ピクセルを「点」と考えた場合(❌ 間違い)
●─────●─────●
│ │ │
│ │ │
●─────●─────●
ピクセルを「正方形」と考えた場合(✅ 正しい)
┌─────┬─────┬─────┐
│ ● │ ● │ ● │ ← ●がピクセルの中心
│(0.5,│(1.5,│(2.5,│
│ 0.5)│ 0.5)│ 0.5)│
├─────┼─────┼─────┤
│ ● │ ● │ ● │
│(0.5,│(1.5,│(2.5,│
│ 1.5)│ 1.5)│ 1.5)│
└─────┴─────┴─────┘
gl_FragCoordはその正方形の中心点を表すため、整数ではなく0.5刻みの座標になります。
実際の影響
void main() {
// 800x600の画面の場合
// gl_FragCoord.x: 0.5 ~ 799.5
// gl_FragCoord.y: 0.5 ~ 599.5
vec2 uv = gl_FragCoord.xy / u_resolution.xy;
// uv.x: 0.5/800 ~ 799.5/800 = 0.000625 ~ 0.999375
// uv.y: 0.5/600 ~ 599.5/600 = 0.000833 ~ 0.999167
}
つまり、完全な黒(0,0,0)や完全な黄(1,1,0)は表示されないんです!微妙にずれた値になります。
2. gl_FrontFacing - 表裏判定
3Dモデルの表面と裏面を区別できます。
void main() {
if (gl_FrontFacing) {
gl_FragColor = vec4(1.0, 0.0, 0.0, 1.0); // 表面は赤
} else {
gl_FragColor = vec4(0.0, 0.0, 1.0, 1.0); // 裏面は青
}
}
3. gl_PointCoord - パーティクル用座標
ポイントスプライト内での位置を取得できます。
void main() {
float dist = distance(gl_PointCoord, vec2(0.5)); // 中心からの距離
if (dist > 0.5) discard; // 円形にクリップ
gl_FragColor = vec4(1.0, 1.0, 1.0, 1.0 - dist * 2.0);
}
4. gl_FragColor - 出力色(必須!)
必ず設定する必要があります。
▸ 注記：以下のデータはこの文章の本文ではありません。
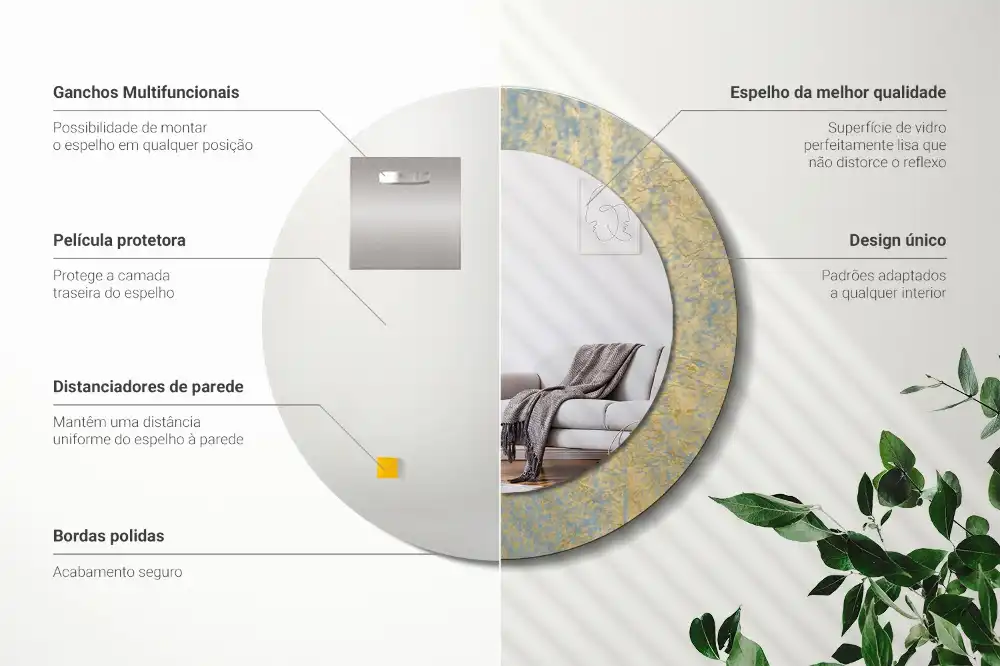 Specchio circolare stampato Modello loft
設定しないと何も描画されません。
void main() {
vec2 uv = gl_FragCoord.xy / u_resolution.xy;
if (uv.x > 0.5) {
gl_FragColor = vec4(1.0, 0.0, 0.0, 1.0); // 右半分だけ赤
}
// 左半分はgl_FragColorが設定されない → 不定値(通常は透明/黒)
}
5. gl_FragCoord.z - 深度値
深度バッファの値を取得・操作できます。
void main() {
float depth = gl_FragCoord.z;
// 0.0 = 最前面(nearプレーン)
// 1.0 = 最奥面(farプレーン)
// 深度を色として可視化
gl_FragColor = vec4(vec3(depth), 1.0);
}
🎨 0-1正規化の必要性
なぜ正規化するのか?
正規化しないと、解像度によって見た目が変わってしまいます。
正規化しない場合の問題
void main() {
// ピクセル座標のまま使用(800x600想定)
vec2 center = vec2(400.0, 300.0); // 画面中央(固定値)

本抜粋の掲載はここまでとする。